FOR MANY, estate planning is little more than a distant idea that most people assume is something reserved for wealthy and elderly people with large families. But the fact is, any person who passes away leaves behind an estate of some kind, regardless of the scope and size of one’s finances and family tree.


What is an Estate Plan?

An Estate Plan is a written plan that includes a set of decisions a person makes which describes their wishes for how their property should be handled either upon their incapacity or death, provisions for family members, and instructions in case they need someone to make medical decisions for them under certain circumstances. In short, it’s an action plan that we put into place legally to protect ourselves, and our loved ones and our property.


What are the most common documents found in an Estate Plan?

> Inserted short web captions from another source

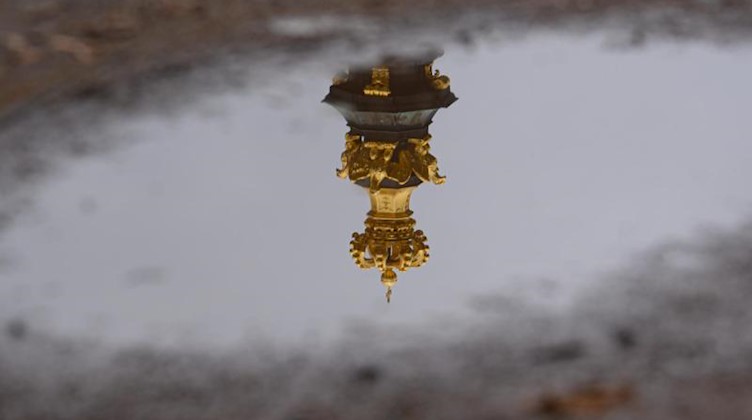 Das Kronentor auf dem Dresdner Zwinger spiegelt sich in einer Pfütze. Foto: Robert Michael/dpa-Zentralbild/ZB/Symbolbild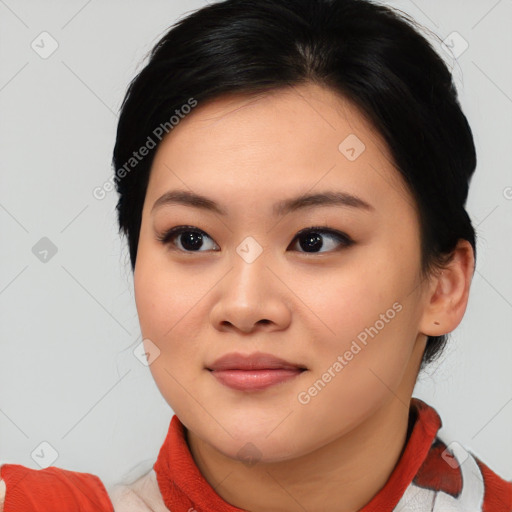 Joyful asian young-adult female with medium  black hair and brown eyes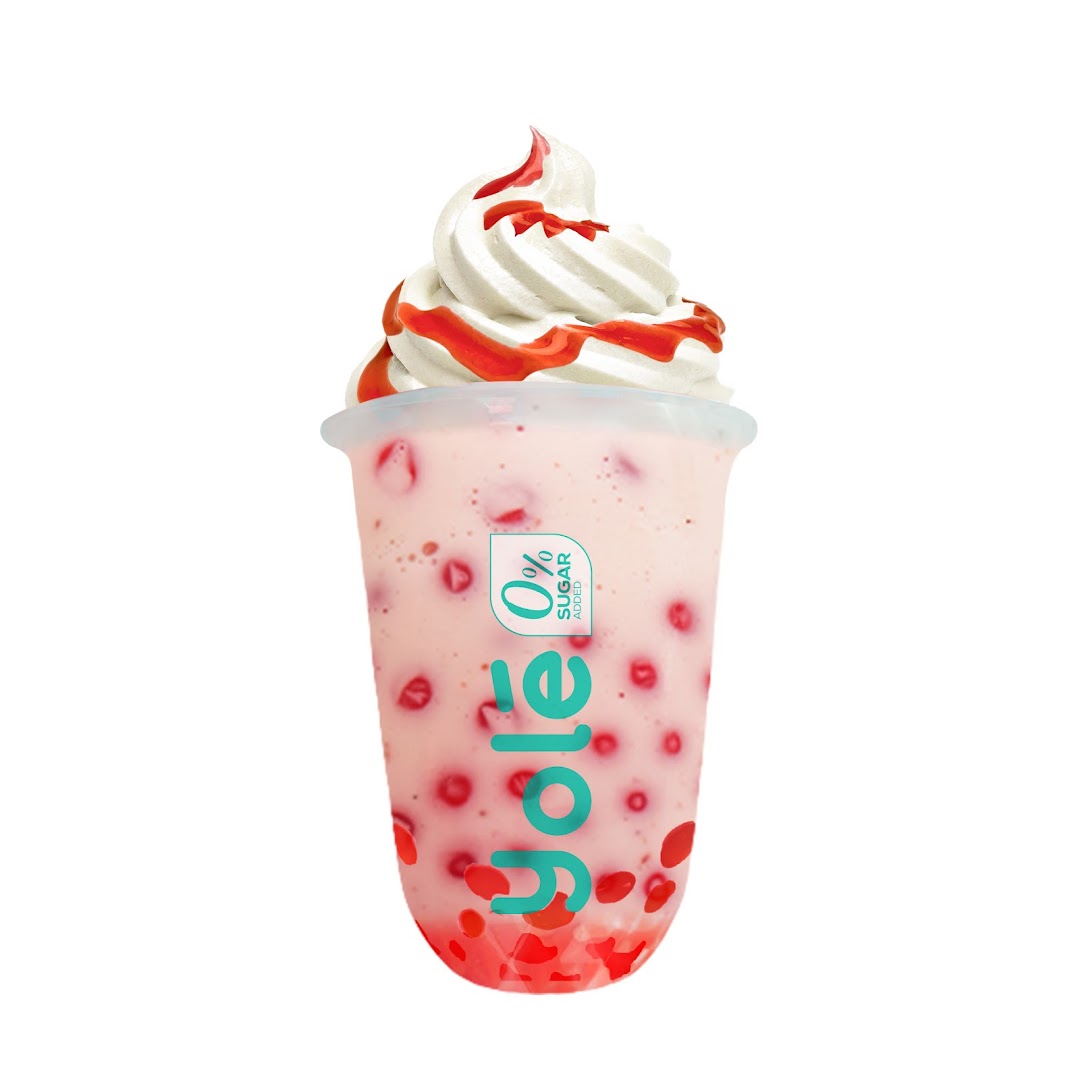 A refreshing Yolé strawberry drink topped with creamy soft serve and strawberry sauce.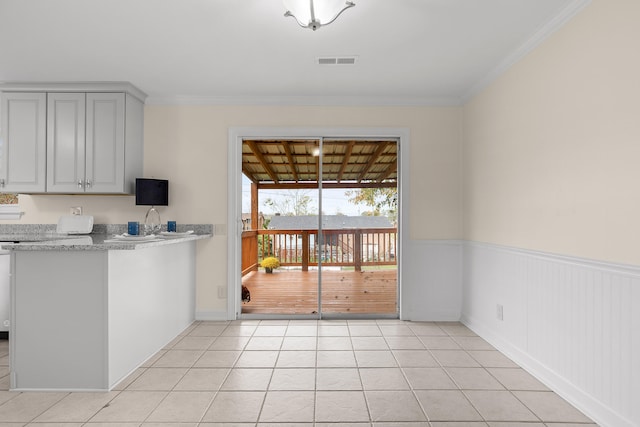 kitchen featuring light stone countertops, light tile patterned floors, and crown molding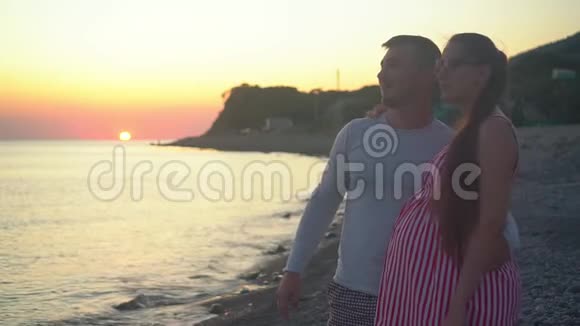 一对年轻的夫妇站在海上日落的背景上一男一女都在笑视频的预览图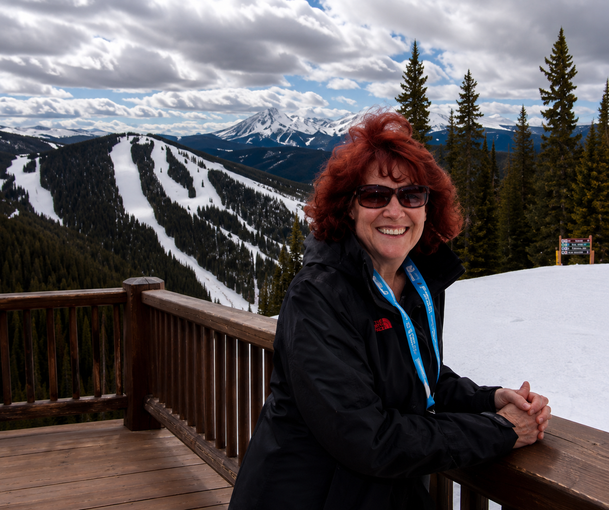 Smiling woman with red hair on a snowy mountain deck, ski slopes and pine trees behind her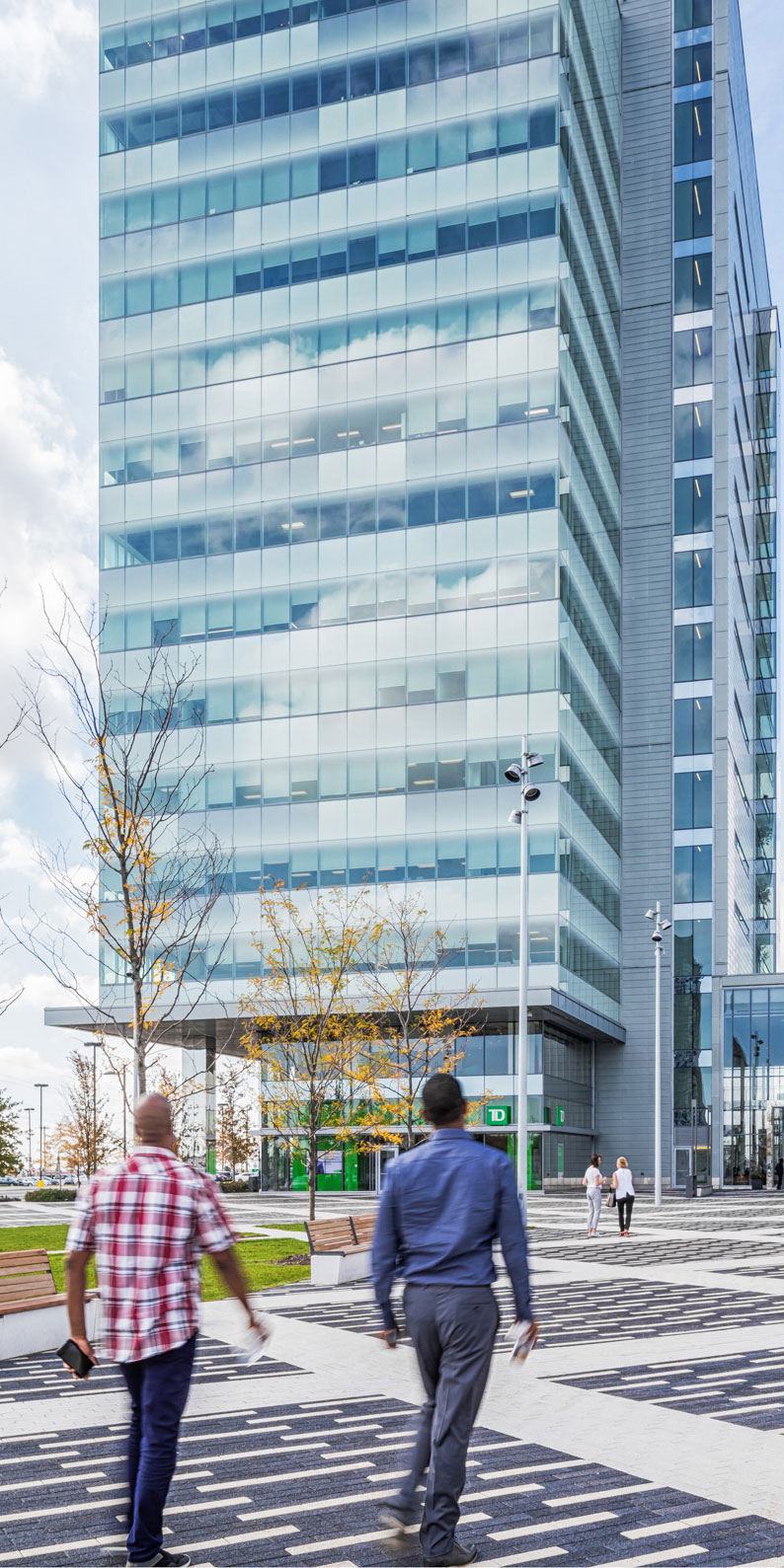 Two men in front of KPMG Tower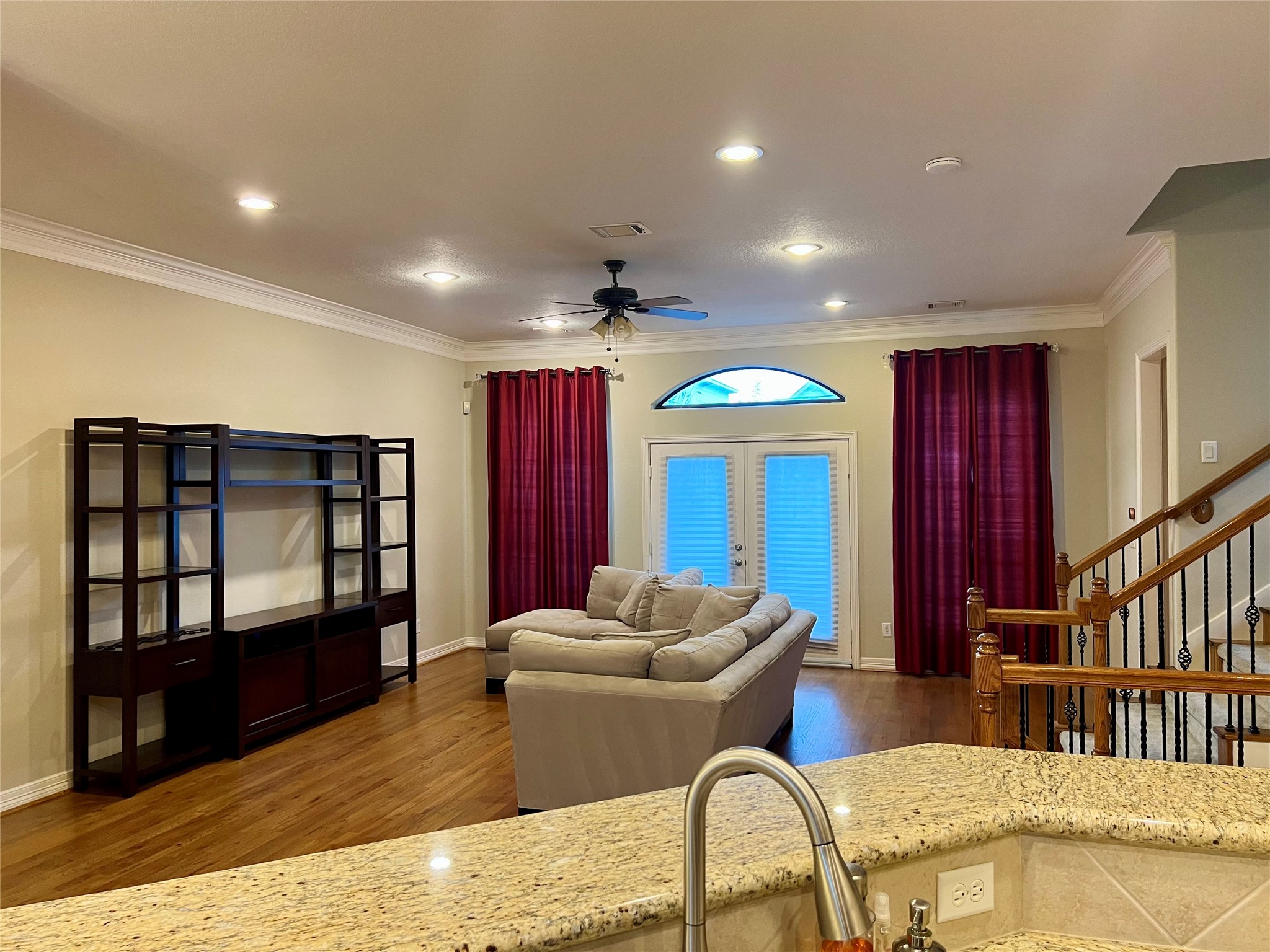 Spacious living room with hardwood floors, featuring a cozy sectional sofa and a large entertainment unit. The room is well-lit with recessed lighting and a ceiling fan. French doors with red curtains lead outside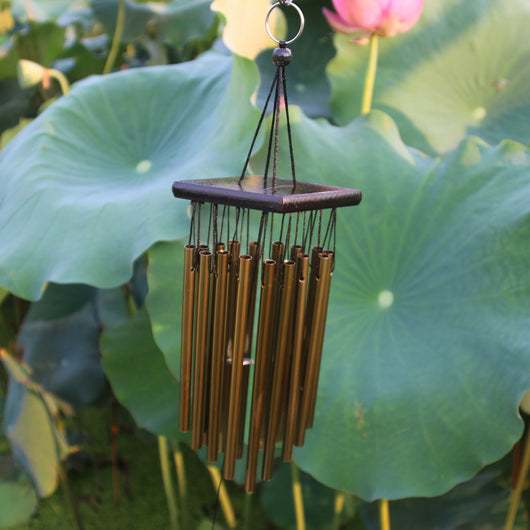 Bronze wind chime with multiple metal tubes hanging from a dark rectangular top, set against green lotus leaves. - Image 11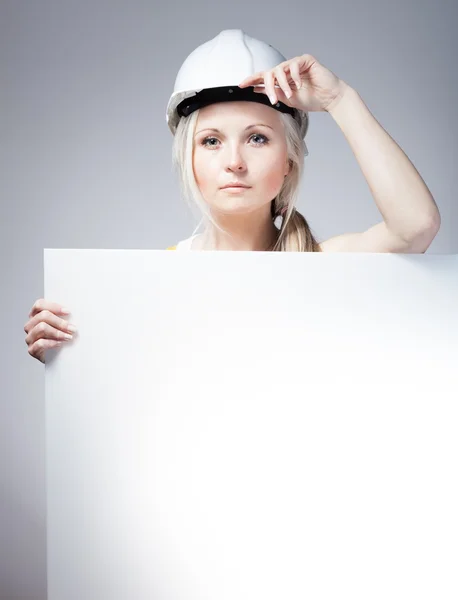 Young builder woman construction worker, empty poster — 스톡 사진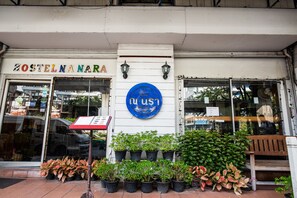 A storefront with a sign reading "ZOSTELNARA" and a blue circular sign with Thai script.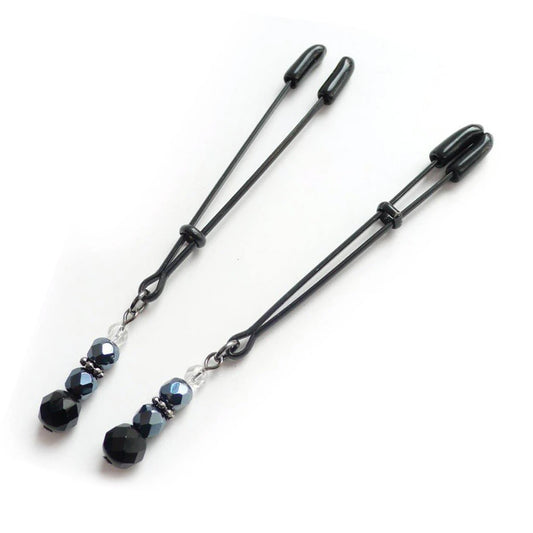 A pair of black Beaded Nipple Clamps are displayed against a blank background. They are adjustable tweezer-style clamps with rubber tips with a decorative string of beads dangling from the bottom of each clamp.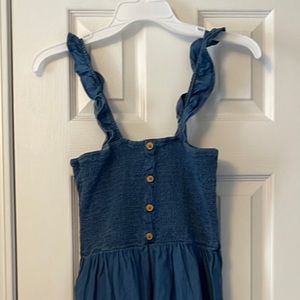 Denim sundress with ruffle straps and hem.  Top is elastic smocking. Size small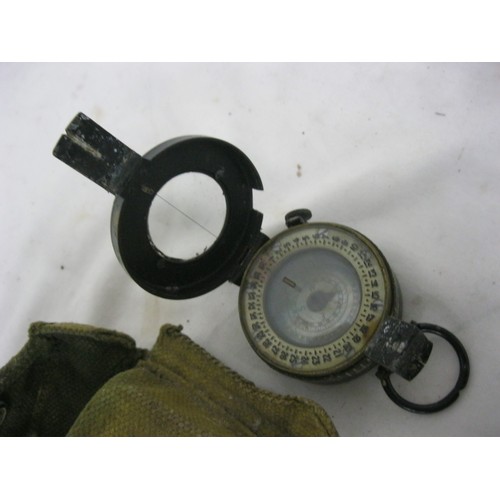 18 - A 1944 dated TG & Co WW2 Mark III compass in webbing pouch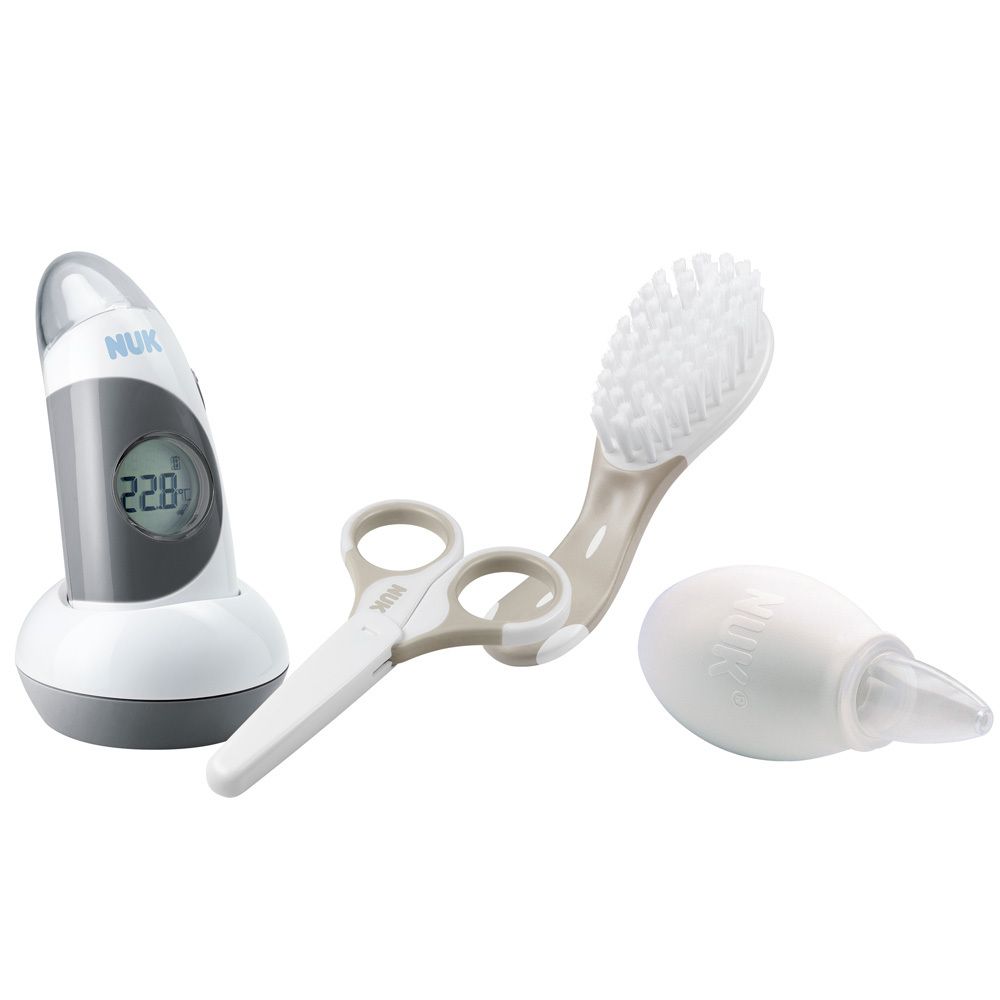 Pflegeset mit Fieberthermometer, Babybürste, Nagelschere und Nasensauger. Alle Artikel sind weiß und grau.
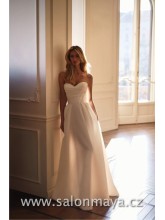 Elegantní, korzetové, saténové šaty áčkového střihu. Přední část sukně je možné stáhnout a udělat z nich atraktivnějsí šaty vpředu krátké, které jdou do vlečky. 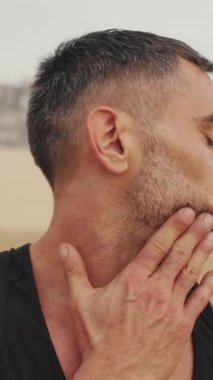 Adam plajda spor yapıyor ve boyun kaslarını esnetiyor.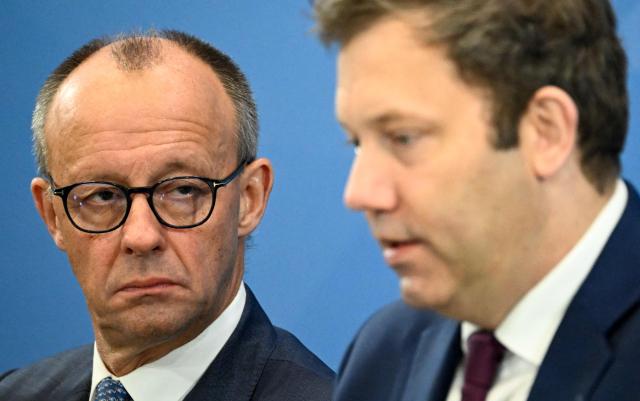 (FILES) German Chancellor Friedrich Merz (L) and German Finance Minister, Vice-Chancellor and leader of the Germany's Social Democratic Party (SPD) Lars Klingbeil attend a press briefing on the results of the coalition committee consultations on the pensions package, on November 28, 2025 at the Chancellery in Berlin. A year ago, German lawmakers elected conservative Friedrich Merz as chancellor. The chancellor had vowed to diminish the appeal of the country's far-right AfD party with two main strategies -- taking a tough stance on immigration to outflank the far-right party on the issue, and aiming to enact bold reforms to prove that centrist parties are still capable of acting. Tighter immigration rules have led to a significant decrease in arrivals -- but the chancellor does not appear to be benefitting political. Meanwhile the reform drive has stalled due to bickering between the conservative CDU and the social democratic SPD coalition parties, with the long-struggling economy making a slower than expected recovery. (Photo by Tobias SCHWARZ / AFP)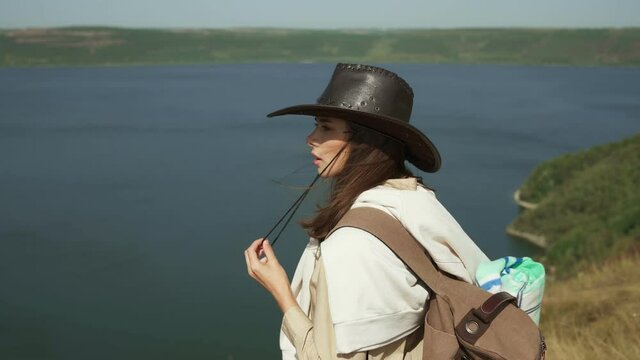 Attractive woman with long dark hair with backpack enjoying amazing view of Bakota bay. Happy tourist in cowboy hat spending weekends at national park.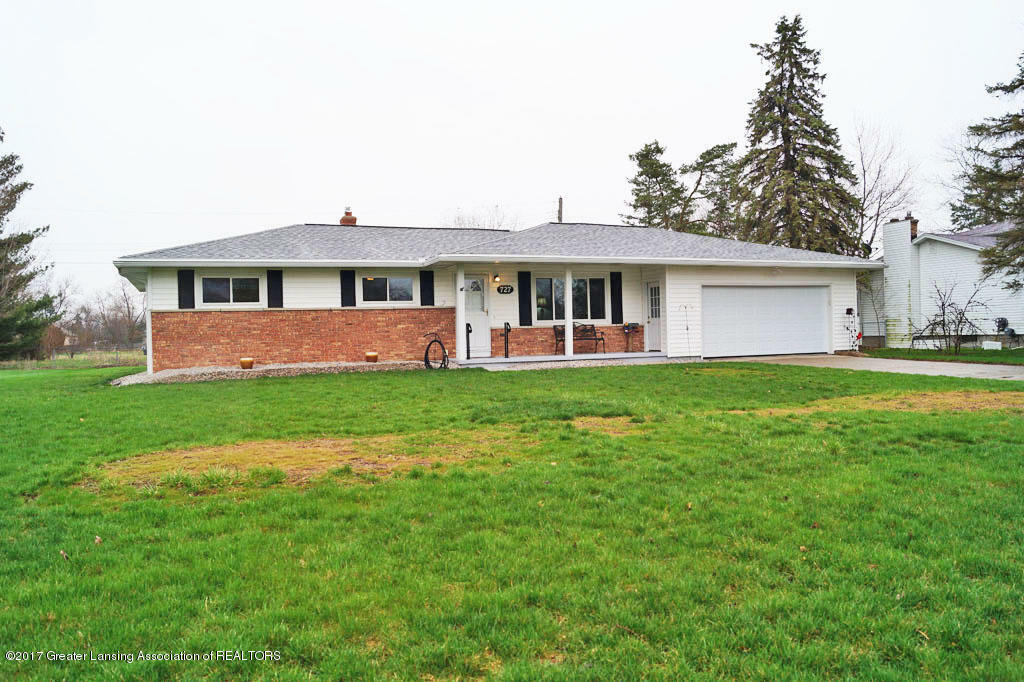 Property Photo: 727 Arbor Vitae Drive MI 48917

The specific documents included in an estate plan will vary depending on the circumstances of each person creating one, but generally, estate plans will include either a trust, a will or both, an advance health care directive, also known as a medical power of attorney, and a power of attorney for finances. Each document has a specific purpose and various benefits so working closely with an estate planning attorney is the best way to determine what type of estate plan is needed.


What is a Trust?

A trust is essentially an arrangement that is made by a person, known as the Trustor (sometimes also called Grantor or Settlor) who transfers his or her property to a Trustee, whose role is to manage the transferred property for the benefit of one or more Beneficiaries. Perhaps an easy way to understand what a trust is, is to imagine first creating a vault then designating a team of handlers to watch over it, and finally moving all of your earthly belongings into the vault, along with a specific set of instructions for how everything inside should be used both during your life and after you pass away.


Why would I need both a Trust and a Will?

While a Will is also a written instrument that helps a person state their final wishes and distribute property upon their passing, a Will only operates after a person has died. Wills are also subject to court oversight in a process called Probate. Trusts however, are private instruments which become effective as soon as they come into existence, usually upon the signing of documents in front of a Notary Public. Unlike Wills, Trusts are not subject to probate court so everything meant to be handled through a trust instrument can be actioned by the Trustee right away according to the terms set forth in the document. A comprehensive estate plan often includes both Wills and Trusts which are meant to work together to carry out one’s estate plan. Having only a Will is not the most protective way to plan an estate since it still exposes a person to delays, expensive court costs and additional tax consequences.


What will happen to my property and finances if I die without an estate plan?

In California, the probate court oversees the property of those who die “intestate,” which means without a will. In short, a probate case will be opened, most likely by someone in your family with the help of a probate attorney. This can be a very lengthy and expensive process in which a judge decides for you without any insight into your specific wants, how your property will be distributed and to whom according to the default rules of the state. There is a cost for court filings and the time an attorney spends assisting the process that is set by state law. Many people who do eventually create estate plans do so in order to avoid the expense and hassle of a complex probate court process.


Can I just ask a trusted person to handle things for me in case something happens?

While you can always ask a trusted family member to assist you in certain circumstances like disability, incapacity and even death, doing so does not provide the legal authority needed to stand in your shoes and address things like making medical decisions on your behalf, speaking to your doctors or health institutions, caring for minor children or others with special needs, accessing your financial accounts to pay your bills or assist you with other legal obligations. When something unexpected happens, it’s better to be prepared with a plan of action that actually reflects your wishes, which will avoid needless expense, delay, confusion and heartache.